▶ WHAT YOU NEED TO DO
In the material below, the lines between the one holding "ГЕНИЙ САМИРА ИЗ" and the one holding "小狐钱包3不仅支持多种主流数", inclusive, are to be set down word for word. Pictures stay out.

▶ DATA UNDER STUDY
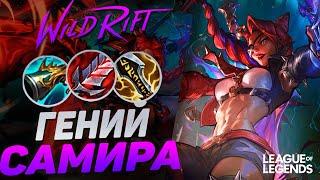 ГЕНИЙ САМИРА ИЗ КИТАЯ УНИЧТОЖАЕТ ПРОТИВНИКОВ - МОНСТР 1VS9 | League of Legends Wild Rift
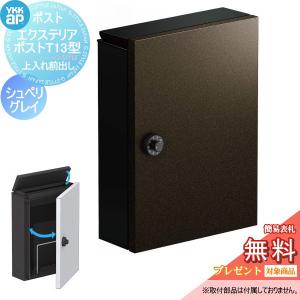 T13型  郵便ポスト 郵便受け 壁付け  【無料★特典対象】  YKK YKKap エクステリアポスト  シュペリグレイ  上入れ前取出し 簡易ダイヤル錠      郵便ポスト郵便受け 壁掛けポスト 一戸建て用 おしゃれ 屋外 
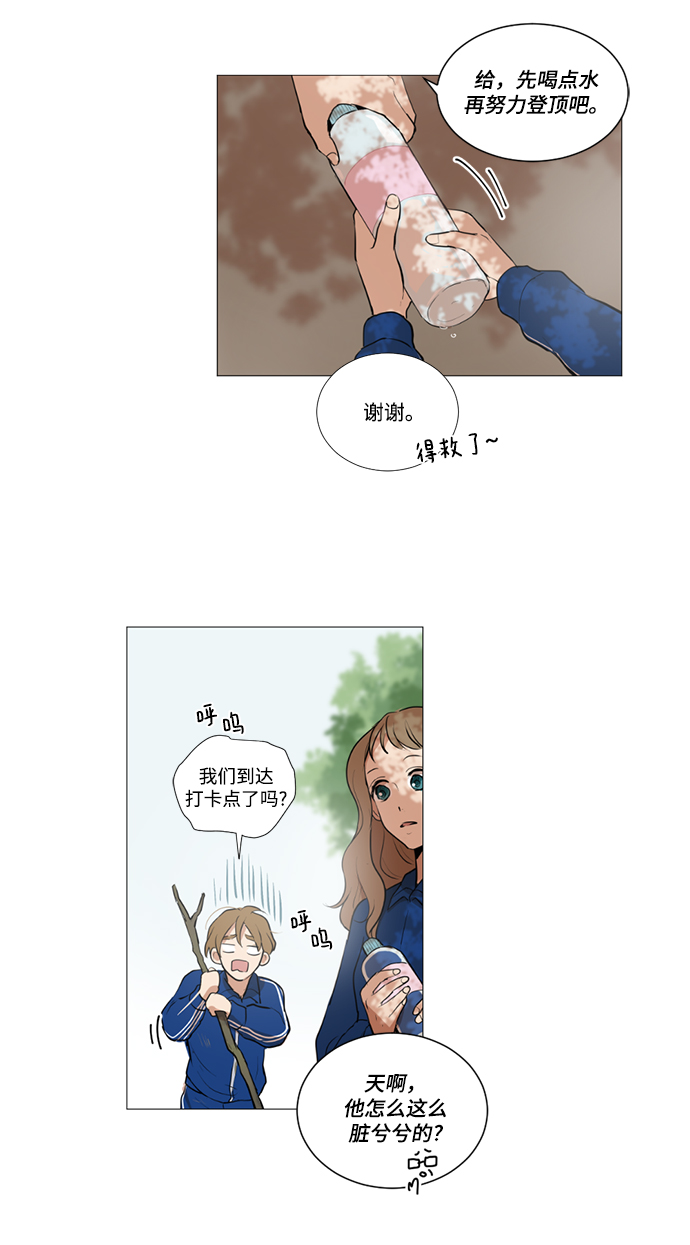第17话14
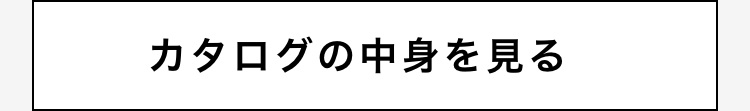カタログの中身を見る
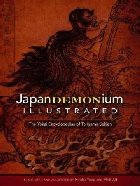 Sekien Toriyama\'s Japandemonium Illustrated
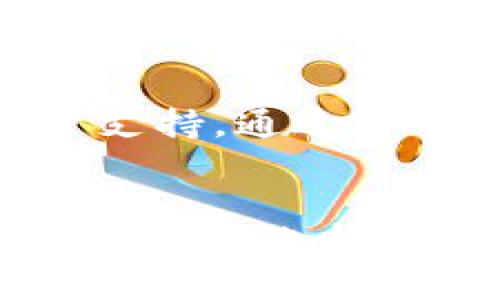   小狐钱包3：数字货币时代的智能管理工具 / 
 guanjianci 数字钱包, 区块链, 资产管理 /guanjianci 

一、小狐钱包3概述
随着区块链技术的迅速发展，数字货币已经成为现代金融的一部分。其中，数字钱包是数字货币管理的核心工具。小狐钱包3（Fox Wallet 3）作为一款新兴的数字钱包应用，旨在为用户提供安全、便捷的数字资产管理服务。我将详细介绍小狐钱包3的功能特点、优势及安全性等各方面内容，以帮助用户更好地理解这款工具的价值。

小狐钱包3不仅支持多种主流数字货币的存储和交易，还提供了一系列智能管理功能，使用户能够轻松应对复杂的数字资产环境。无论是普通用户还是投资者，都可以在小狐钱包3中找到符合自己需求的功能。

--

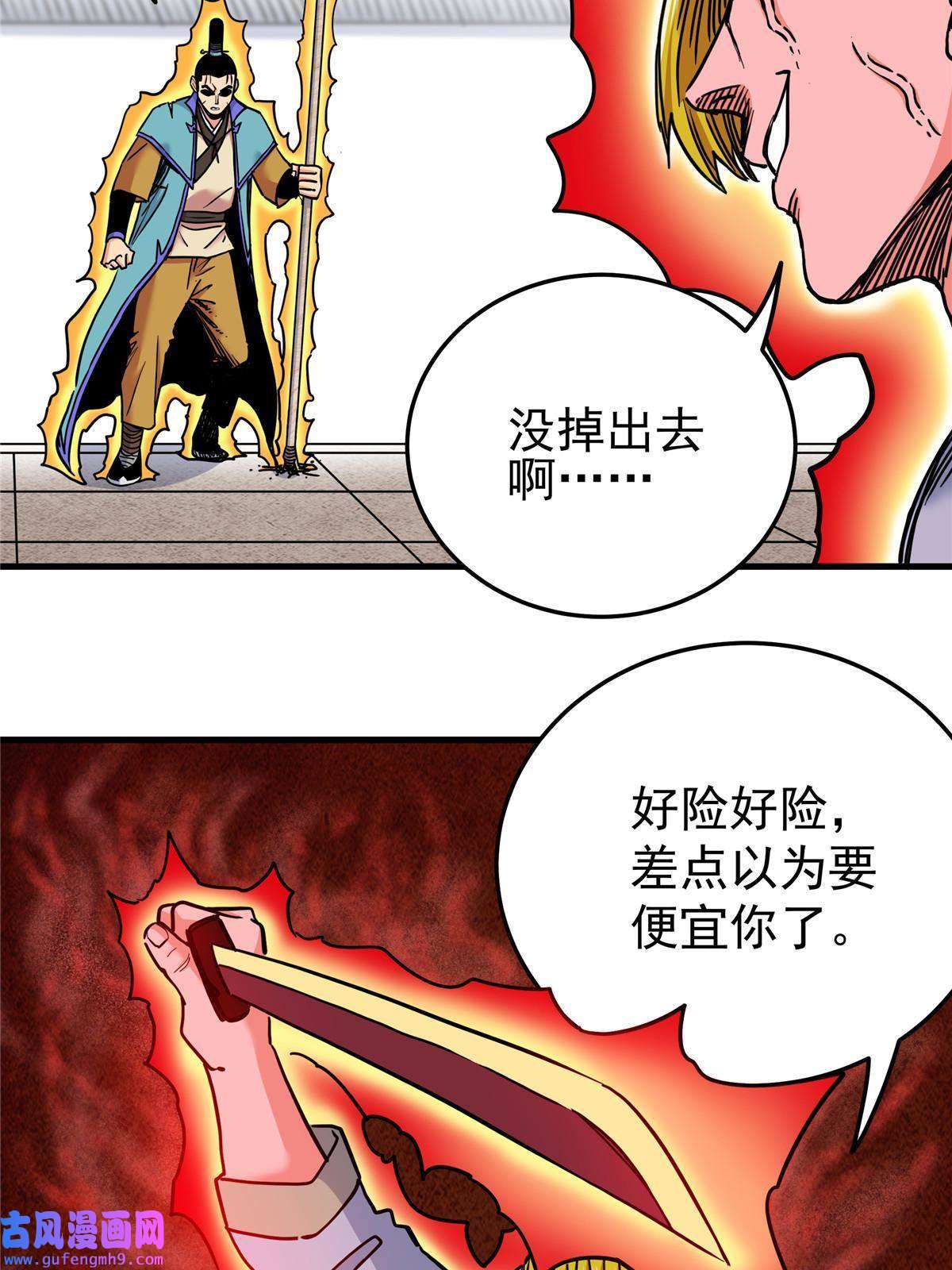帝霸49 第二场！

▶ SOLUTION TO THIS PROBLEM
 ГЕНИЙ САМИРА ИЗ КИТАЯ УНИЧТОЖАЕТ ПРОТИВНИКОВ - МОНСТР 1VS9 | League of Legends Wild Rift
 T13型  郵便ポスト 郵便受け 壁付け  【無料★特典対象】  YKK YKKap エクステリアポスト  シュペリグレイ  上入れ前取出し 簡易ダイヤル錠      郵便ポスト郵便受け 壁掛けポスト 一戸建て用 おしゃれ 屋外 
第17话14
カタログの中身を見る
 Sekien Toriyama\'s Japandemonium Illustrated
   小狐钱包3：数字货币时代的智能管理工具 / 
 guanjianci 数字钱包, 区块链, 资产管理 /guanjianci 

一、小狐钱包3概述
随着区块链技术的迅速发展，数字货币已经成为现代金融的一部分。其中，数字钱包是数字货币管理的核心工具。小狐钱包3（Fox Wallet 3）作为一款新兴的数字钱包应用，旨在为用户提供安全、便捷的数字资产管理服务。我将详细介绍小狐钱包3的功能特点、优势及安全性等各方面内容，以帮助用户更好地理解这款工具的价值。

小狐钱包3不仅支持多种主流数字货币的存储和交易，还提供了一系列智能管理功能，使用户能够轻松应对复杂的数字资产环境。无论是普通用户还是投资者，都可以在小狐钱包3中找到符合自己需求的功能。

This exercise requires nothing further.